_What to work on_
Every line from the one holding "Fluid-fabric shirt with animal print" through the one holding "1510 N Rolfe St APT 4, Arlington, VA 22209" in the data below must be returned exactly, both ends included, with pictures left out and nothing else added.
+++ Material to process
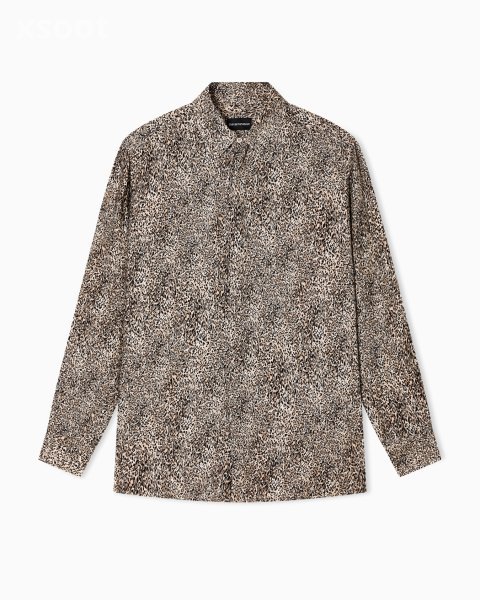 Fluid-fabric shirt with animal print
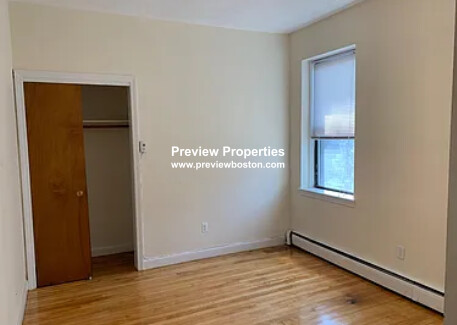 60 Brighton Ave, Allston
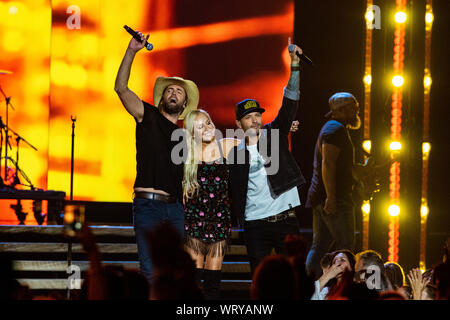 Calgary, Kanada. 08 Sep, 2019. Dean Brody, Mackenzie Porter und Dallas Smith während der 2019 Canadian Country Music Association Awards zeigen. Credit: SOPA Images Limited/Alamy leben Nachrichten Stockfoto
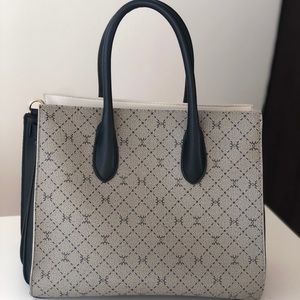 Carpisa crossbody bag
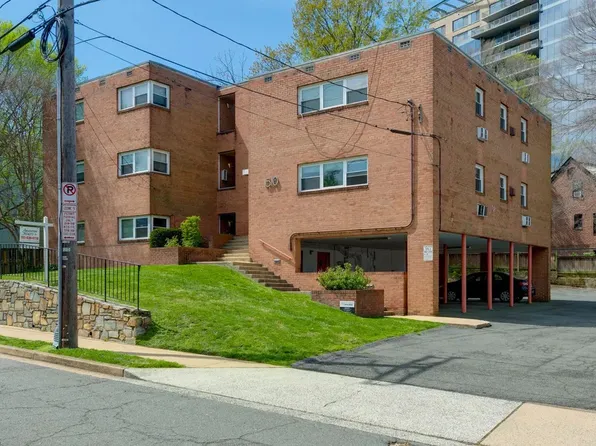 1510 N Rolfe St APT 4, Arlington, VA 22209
++++++
+++ Material to process
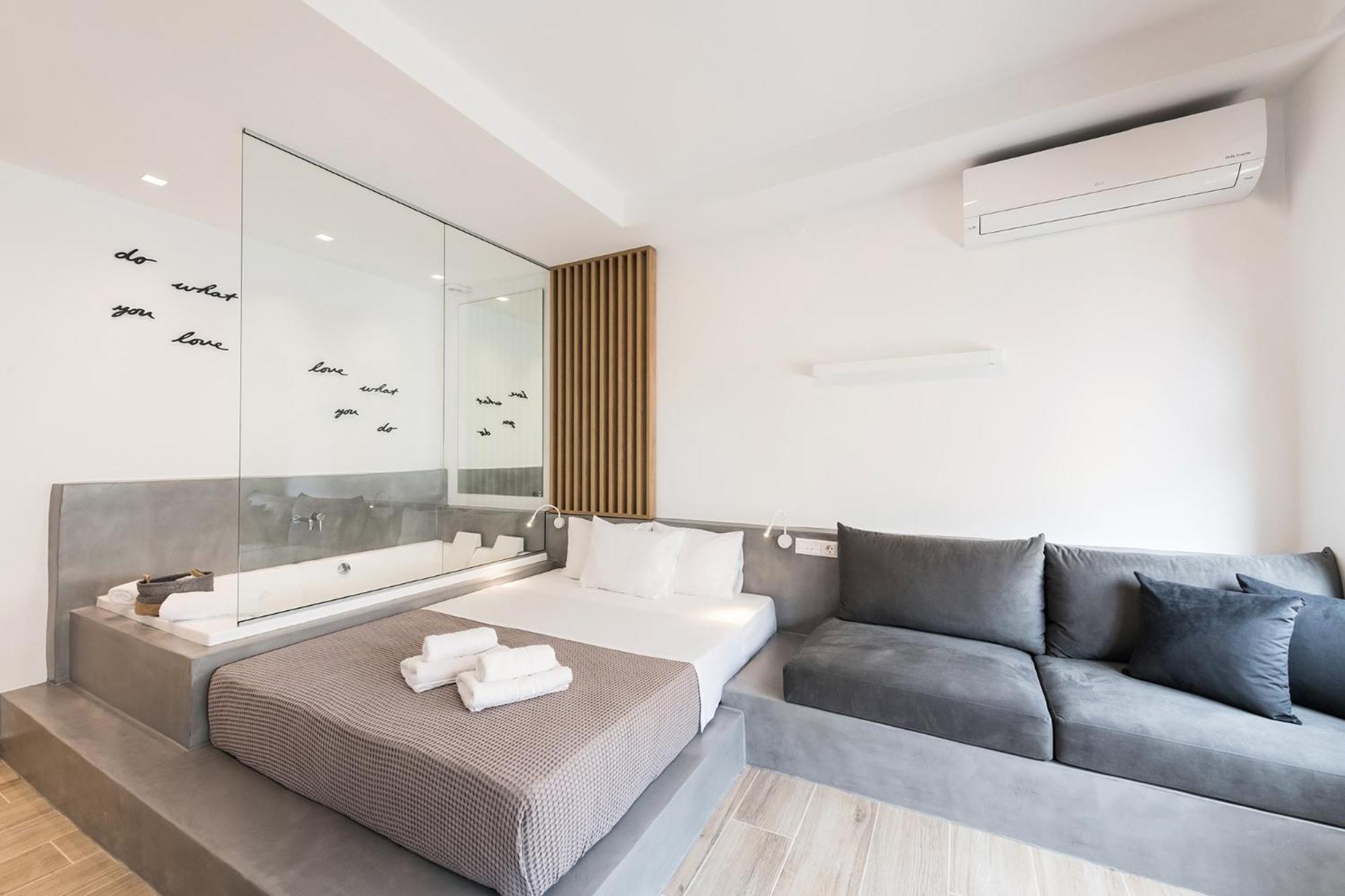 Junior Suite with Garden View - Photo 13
++++++
_Task output_
 Fluid-fabric shirt with animal print
 60 Brighton Ave, Allston
 Calgary, Kanada. 08 Sep, 2019. Dean Brody, Mackenzie Porter und Dallas Smith während der 2019 Canadian Country Music Association Awards zeigen. Credit: SOPA Images Limited/Alamy leben Nachrichten Stockfoto
 Carpisa crossbody bag
 1510 N Rolfe St APT 4, Arlington, VA 22209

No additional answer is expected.